The consumer price index, a key barometer of what consumers pay for goods and services, rose four percent last month from a year earlier, the Labor Department said Tuesday.

Compared with March, the consumer price index (CPI) rose 0.1 percent.

Core CPI, which excludes food and energy prices, was up 5.3 percent on a 12-month basis. Compared with a month earlier, core prices were up 0.4 percent.

The figures were largely in line with expectations. Economists had forecast 4.1 percent for headline inflation and 5.3 percent for core.

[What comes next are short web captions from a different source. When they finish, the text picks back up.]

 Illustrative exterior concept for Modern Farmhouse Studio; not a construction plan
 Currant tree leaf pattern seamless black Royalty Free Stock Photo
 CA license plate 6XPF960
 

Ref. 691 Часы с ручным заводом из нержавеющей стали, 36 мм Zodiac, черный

For the year, both core and headline inflation were down from a month earlier. In April, the CPI was up 4.9 percent on a 12-month basis and core CPI was up 5.5 percent. On a month-to-month basis, CPI’s gain is down from 0.4 percent in April. Core inflation’s monthly rate, however, is unchanged from April’s 0.4 percent.

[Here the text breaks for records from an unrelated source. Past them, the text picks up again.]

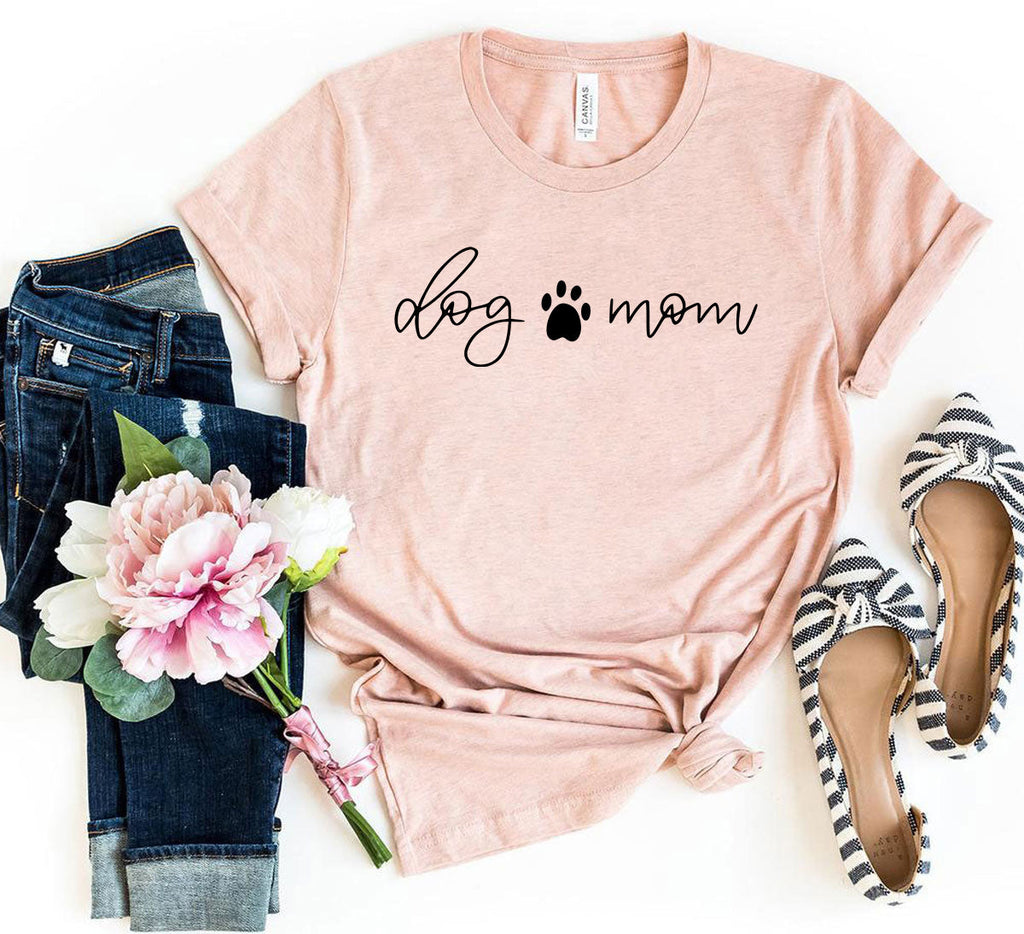 Dog Mom Script Paw T-Shirt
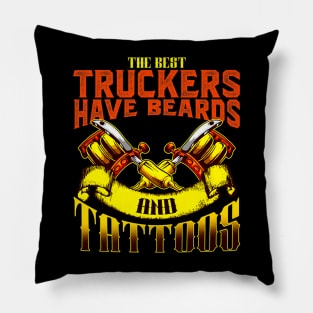 Trucker Have Tattoos Beards Pillow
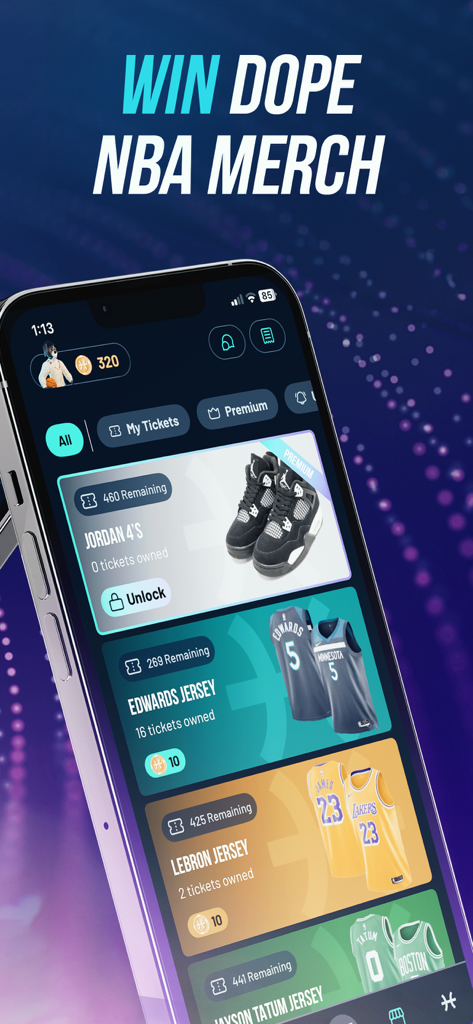 Smartphone showing NBA merchandise prizes in the VOAT app including sneakers and jerseys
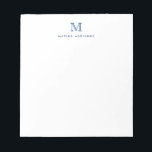 Classic Modern Stylish Navy Blue Monogram Initial Notepad<br><div class="desc">The design features a personalised monogram initial and name in a simple and modern typographic font.</div>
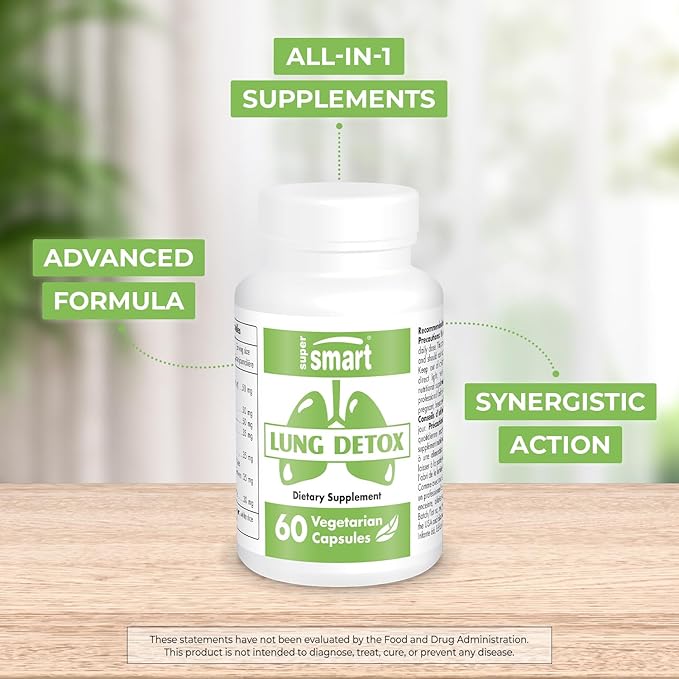 Supersmart - Lung Detox (Advanced Formula) - with Quercetin, Bromelain, Curcuminoids, EGCG | Non-GMO & Gluten Free - 60 Vegetarian Capsules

As the chart below shows, core inflation has been at or near 0.4 percent since December, indicating the Fed is making very little progress at bringing inflation down. Unrounded, inflation has ticked up in the last two months.

Inflation has slowed since hitting 8.9 percent in June of 2022 but remains well above the Fed’s goal of two percent. The Fed uses a different measure of inflation—the personal consumption expenditure price index, which is calculated by the Commerce Department—for its target. In April, the latest data available, this index rose to 4.4 percent from 4.2 percent in March.

Progress in taming inflation has been slower than many Fed officials and economists expected. The most recent set of projections from Fed officials, released in March, indicated that they expect PCE inflation will fall to 3.5 percent by the end of the year. This is expected to rise when the Fed issues a new summary of projections on Wednesday.